I sat through the head of the department health department, Australia’s chief medical officer, the Deputy Chief Medical Officer, the Director of the Therapeutic Goods Association, and the Secretary of the Australian Health Department. These are all people and names that you will be familiar with if you were in Australia.
They spent 2 hours talking about not one of these things, Uttar Pradesh or Goa. Goa is another state in India that provides kits for its population. Not one mention of any of those things. No. It was a two-hour forum for key opinion leaders and product champions to discuss the newly patented drugs, which instead of…
Let me give you an example, a five-day course on Ivermectin. If you came down with COVID, a five-day course of Ivermectin would cost you something like 2.50, a five-day course. A five-day course of Molnupiravir, which is the newly patented drug by the same manufacturer as Ivermectin, by the way.
Remember, Ivermectin was awarded a Nobel Prise in medicine in 2015. Merck was the producer. But you might you may have. Well, my regular listeners will definitely know it not as horse medicine, but the media globally reduced the Nobel Prise winning medicine to nothing more than horse medicine.

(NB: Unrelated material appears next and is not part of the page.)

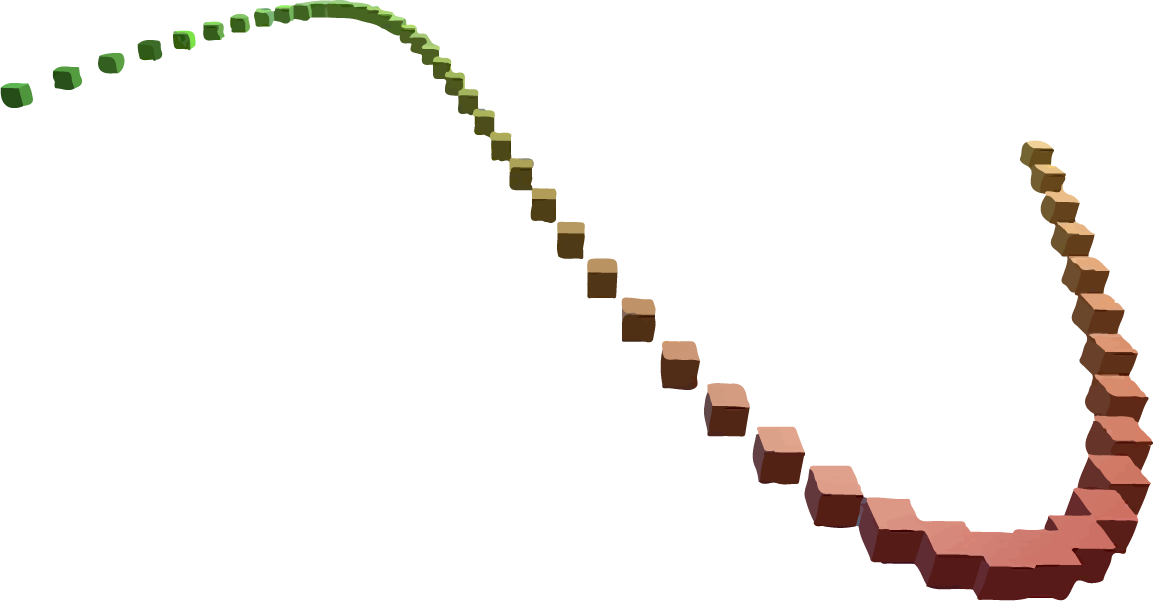 Pantalla Canopus Cubo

Espoused by right-wing nutters or anti-vaxxers. 2.50, of course. Molnupiravir $700 for the five-day course. Paxlovid, which is a Pfizer product. That’s around $600 for a five-day course. And we and another drug that they talked about was Remdesivir in the key opinion leaders product champion forum from the Australian government. That’s $3,000 a course.
There was no mention of any of these. Look, it was such a great episode. I really learned so much, and I really wanted to share. I thought it was worth reviewing just that episode and alerting your attention to it. Have a listen to it. Have a listen to it more than once. It is well worth it. I hope this finds you well. Until next time.
This podcast provides general information and discussion about medicine, health, and related subjects. The content is not intended and should not be construed as medical advice or as a substitute for care by a qualified medical practitioner. If you or any other person has a medical concern, he or she should consult with an appropriately qualified medical practitioner. Guests who speak in this podcast express their own opinions, experiences, and conclusions.